Sekitar 300 cerita pendek karya Ratna pernah dimuat oleh hampir semua penerbitan di Indonesia. Bahkan cerpen Ratna pernah dimuat di sejumlah antologi cerpen, antara lain terbitan harian Kompas selama tiga tahun berturut-turut (1993-1996).

Di mata Guru Besar Sastra Inggris, yang juga sastrawan dan mantan Rektor Universitas Negeri Surabaya (dulu IKIP Surabaya), Budi Darma, empati menjadikan Ratna sebagai salah satu penulis cerita pendek yang baik. “Sebagaimana halnya dalam cerpen-cerpen Ratna terdahulu, kita merasakan kelembutan perasaan Ratna. Dia pengarang berhati lembut, berhati peka,” begitu tulis Budi Darma.
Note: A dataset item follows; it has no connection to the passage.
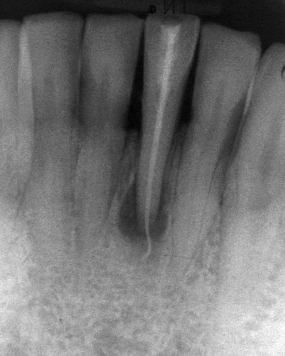 Wurzelfllung Wurzelbehandlung Guttapercha berstopfung Heilung Rntgenbild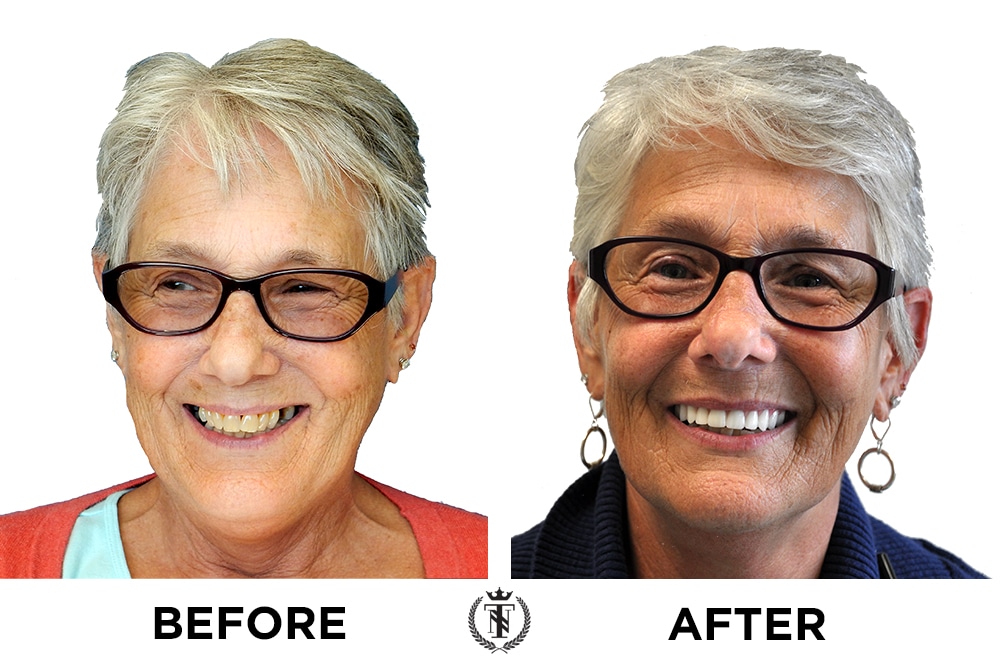 Smiling patient Kathleen Albert with dental implants before and after photo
Dalam pandangan kritikus sastra Dr. Djoko Sarjono, seluruh tokoh protagonis dalam cerpen Ratna adalah perempuan. Tokoh-tokohnya tak terbatas pada kaum marjinal, tapi wanita-wanita dari segala kelas. Bagi Djoko, tampak jelas Ratna seorang pembela kaum perempuan.

Hanya saja, kata Djoko, pengkarakteran dalam cerpen Ratna tidak tuntas. Sedangkan bagi Budi Darma, hampir pada setiap cerpennya Ratna melakukan gugatan-gugatan psikologis. Gugatan ini terutama diperuntukkan bagi diri sendiri. Dalam istilah sastra ini disebut solilokui.

Apa pun pendapat mereka, Ratna menyatakan terima kasih dan bersyukur karena karya-karyanya dinilai orang. “Saya merasa tidak sia-sia berkarya. Kalau tak ada yang menanggapi atau memberi kritik, misalnya, apakah masih artinya karya-karya saya itu,” kata Ratna. Ada beberapa penghargaan yang diterima Ratna, seperti juara pertama lomba puisi yang diadakan koran Bali Post pada 1983, dan pemenang harapan dalam lomba cerpen Femina tahun 1991.

Nah, ada satu penghargaan “ngawur” yang diterima Ratna dan hingga kini bisa membuatnya terbahak setengah mati. Pada Sabtu, 26 Juni 1996, Ratna mendapat piagam penghargaan yang ditandangani Menteri Negara Peranan Wanita Tutty Alawiyah AS dalam acara “Temu Tokoh Seribu Wajah Wanita Indonesia”. Dalam piagam tertera “prestasi” Ratna, yakni kepemimpinan dan manajemen peningkatan peran wanita. Merasa tak berhak menerima penghargaan dengan kriteria tak jelas itu, Ratna lalu mengembalikan piagam penghargaan itu lewat jasa pos ke kantor Menteri Peranan Perempuan di Jakarta.

Menulis hanyalah salah satu kegiatan, tapi berbuat nyata untuk orang lain adalah “tugas besar” yang terus ingin dia tunaikan, sekalipun dari atas kursi roda. Dan selagi dia mampu.